No more CUnity this year. Orientating first-years, who arrived at Columbia a few years too late to have Edward Said tell them that they have in fact been Occidentating all along, instead had BlaZe--a kind of scavenger hunt / color war hybrid--sending them screaming across campuses on both sides of Broadway. Naturally, Bwog was there, in the form of correspondents Andrew Russeth and Marc Tracy.
The event was everywhere, and nowhere. A hula hoop race—quick, everyone hold hands! now pass a hula hoop around your circle without not holding hands!—in front of the B School. Sudoku in Upper Mac. Beirut and Quarters, at, respectively, Barnard Lawn and the basement of Mac—except with cheap cola instead of cheap beer. Word games in front of Philosophy, posted to The Thinker (get it?). All done by forty teams spread out in five colors ( e.g., Yellow 1, Red 3, Bwog favorite Green 5).

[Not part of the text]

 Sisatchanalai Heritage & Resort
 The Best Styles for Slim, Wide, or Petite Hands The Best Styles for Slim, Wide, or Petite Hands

We had been told the name of the event—BlaZe—carried humorous connotations. Puzzled by this, we put on our reporting caps and asked around. "Fire and fun," an OL offered, on what BlaZe meant to her. "Pouring gasoline on people and lighting them on fire," another, perhaps the younger brother of the McBain arsonist, told us. "I don't know," demurred another student, inexplicably adding, "I don't smoke." And then there was the first-year who, as we talked to her during something of a traffic jam behind Earl Hall, insisted, "You know what we're thinking." Um, no, not really.